Romney's secret economic plan to jumpstart the recovery is… winning office.
That's it.
He thinks markets are scared of Obama, and an Obama loss would be enough to send markets racing up.
This is aggressive nonsense…. [T]he S&P 500 is up 10.9 percent since Romney said this, "despite" Nate Silver of the New York Times estimating Obama's odds of securing a second term jumping from 60 to 75 percent. There's just little reason to think that uncertainty, rather than lack of demand, is what's holding the economy back. Small businesses have consistently ranked "poor sales" -- i.e., poor demand -- as their biggest problem. Not so for uncertainty…. The index conservatives like to tout as proof of uncertainty's insidious grip… is a fatally flawed measure that counts Republican talking points as proof of those talking points…. How would we explain that real private fixed nonresidential investment has actually come back… but real private fixed residential investment has not?
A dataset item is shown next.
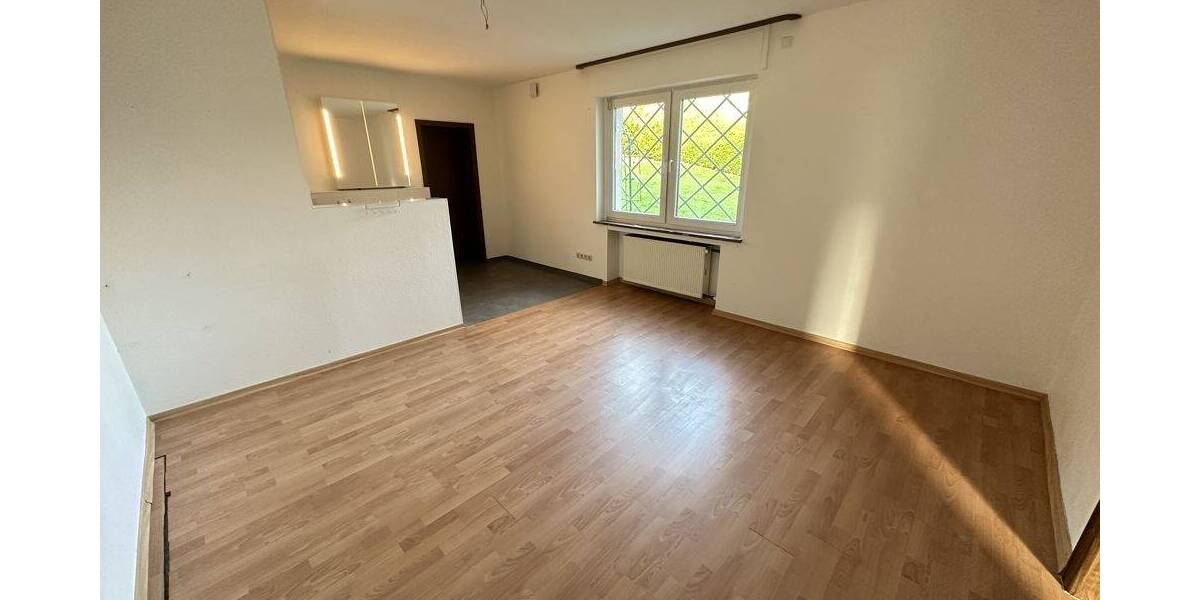 Einfamilienhaus Raubach - 9 Zimmer, 300 m&sup2;, 299.000&euro; | Angebot:25770006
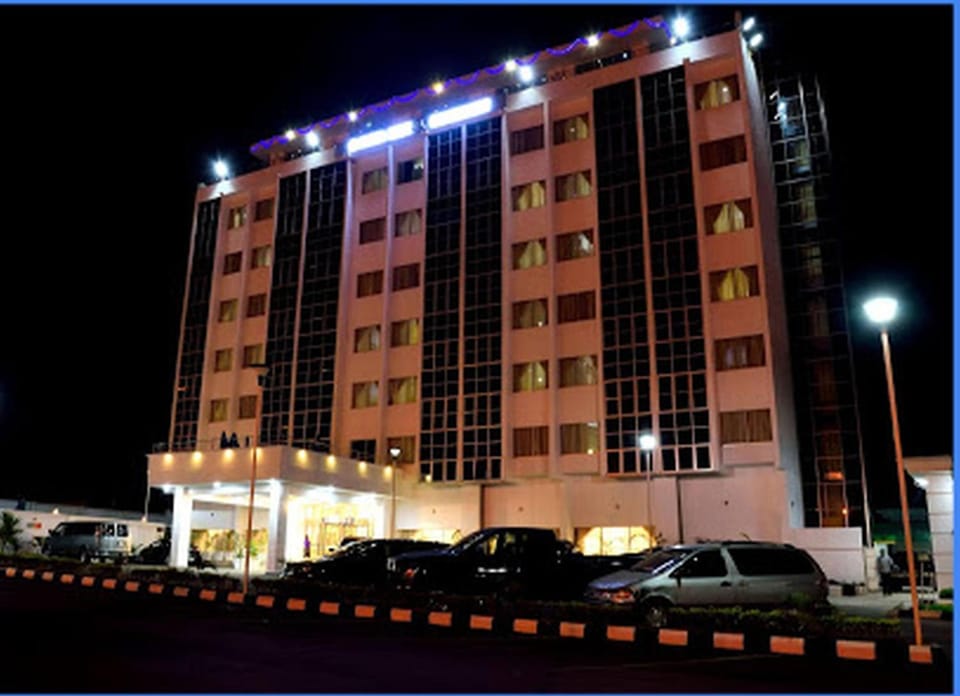 Property building, Facade/entrance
The simplest explanation isn't the president, it's the housing market…. It's hard to tell a story about why uncertainty would hurt residential investment, but not nonresidential investment. It's not hard to tell a story about why a housing bust would hurt housing investment -- and drag down overall demand….
Romney's magical thinking is the consequence of Republican obstruction. From the beginning, Republicans have been quite candid that their number one goal is making sure Obama is a one-term president. From the stimulus to Fed appointments to the abortive American Jobs Act, they have tried to block anything that might help the economy -- while decrying it all as dangerously outside the mainstream. There's a problem. It's not. The Obama administration has just followed textbook economics -- spending more and cutting interest rates amidst a slump -- much as a hypothetical McCain administration likely would have followed textbook economics. After denouncing these policies for years, the Republicans can't very well run on them. So they blame those policies for creating uncertainty, evidence be damned.